Что нам довелось испытать в пределах одной жизни

Стефан Цвейг

Что нам довелось испытать в пределах одной жизни

Стефан Цвейг

Источник: Цвейг С. Вчерашний мир. Воспоминание европейца. Избранные фрагменты.

Я никогда не придавал своей персоне столь большого значения, чтобы впасть в соблазн рассказывать другим историю моей жизни. Много должно было произойти — намного больше, чем обычно выпадает на долю одного лишь поколения, — событий, испытаний и катастроф, прежде чем я нашел в себе мужество начать книгу, в которой мое «я» — главный герой или, лучше сказать, фокус. Ничто так не чуждо мне, как роль лектора, комментирующего диапозитивы; время само создает картины, я лишь подбираю к ним слова, и речь пойдет не столько о моей судьбе, сколько о судьбе целого поколения, отмеченного столь тяжкой участью, как едва ли какое другое в истории человечества.

Каждый из нас, даже самый незначительный и незаметный, потрясен до самых глубин души почти беспрерывными вулканическими содроганиями европейской почвы; один из многих, я не имею иных преимуществ, кроме единственного: как австриец, как еврей, как писатель, как гуманист и пацифист, я всегда оказывался именно там, где эти подземные толчки ощущались сильнее всего.
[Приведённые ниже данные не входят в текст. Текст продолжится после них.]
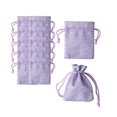 thumbnail image 1 of 20 piezas de bolsas de arpillera moradas con bolsas de regalo con cordón, bolsa de joyería brillar Electrónica, 1 of 5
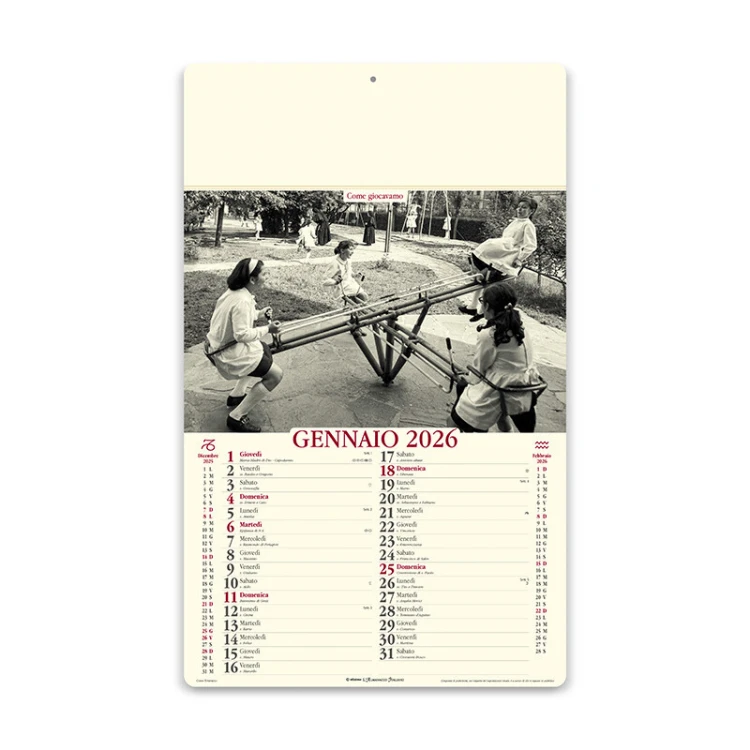 Calendario "Come Eravamo"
Трижды они переворачивали мой дом и всю жизнь, отрывали меня от прошлого и швыряли с ураганной силой в пустоту, в столь прекрасно известное мне «никуда». Но я не жалуюсь: человек, лишенный родины, обретает иную свободу — кто ничем не связан, может уже ни с чем не считаться. Таким образом, я надеюсь соблюсти по меньшей мере хотя бы главное условие любого достоверного изображения эпохи — искренность и беспристрастность, ибо я оторван от всех корней и даже от самой земли, которая эти корни питала, — вот я каков теперь, чего не пожелаю никому другому.

Я родился в 1881 году, в большой и могучей империи, в монархии Габсбургов, но не стоит искать ее на карте: она стерта бесследно. Вырос в Вене, в этой двухтысячелетней наднациональной столице, и вынужден был покинуть ее как преступник, прежде чем она деградировала до немецкого провинциального города. Литературный труд мой на том языке, на котором я писал его, обращен в пепел именно в той стране, где миллионы читателей сделали мои книги своими друзьями. Таким образом, я не принадлежу более никому, я повсюду чужой, в лучшем случае гость; и большая моя родина Европа — потеряна для меня с тех пор, как уже вторично она оказалась раздираема на части братоубийственной войной.
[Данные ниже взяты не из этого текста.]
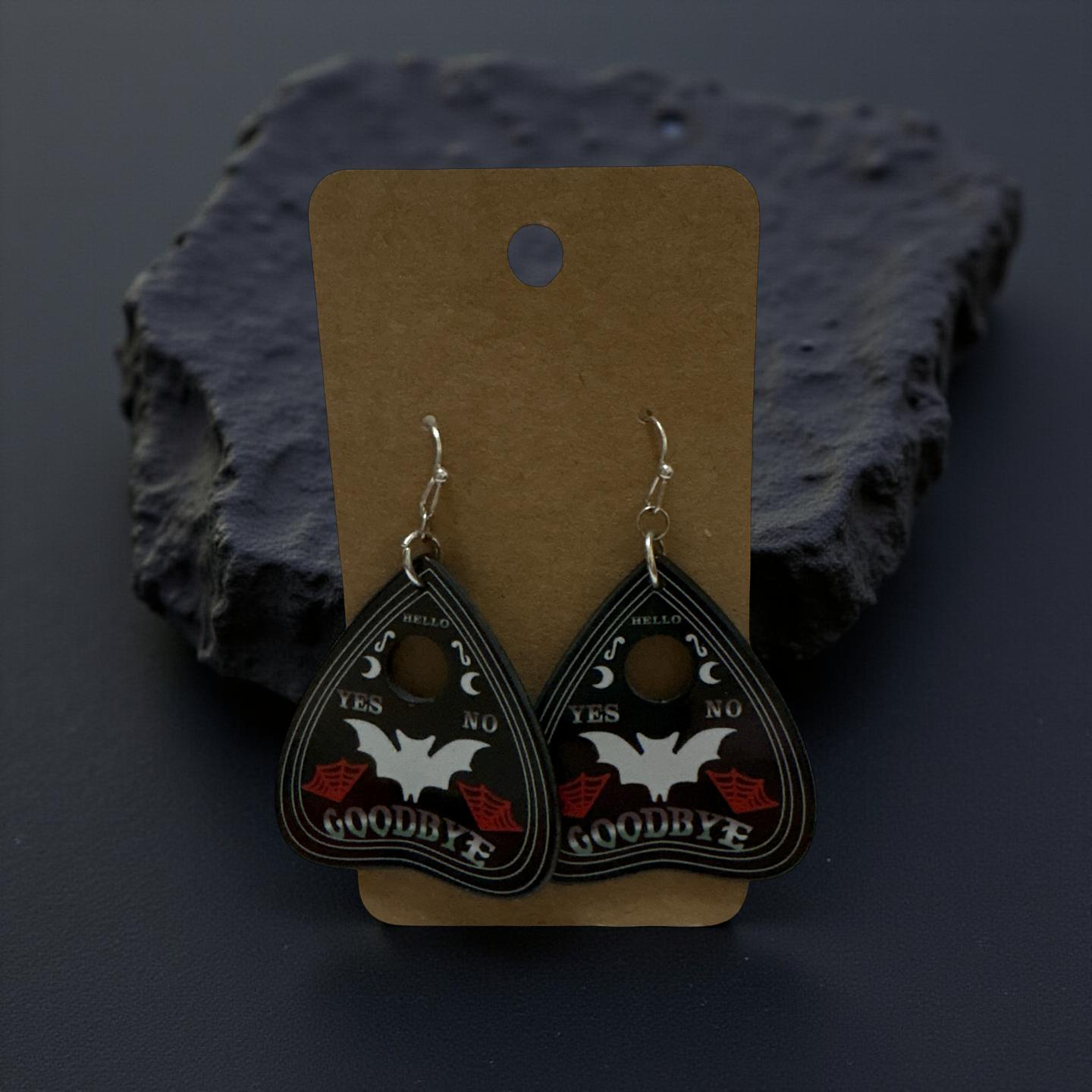 Ouija Me Earrings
Против своей воли я стал свидетелем ужасающего поражения разума и дичайшего за всю историю триумфа жестокости; никогда еще — я отмечаю это отнюдь не с гордостью, а со стыдом — ни одно поколение не претерпевало такого морального падения с такой духовной высоты, как наше. За краткий срок, пока у меня пробилась и поседела борода, за эти полстолетия, произошло больше существенных преобразований и перемен, чем обычно за десять человеческих жизней, и это чувствует каждый из нас, — невероятно много!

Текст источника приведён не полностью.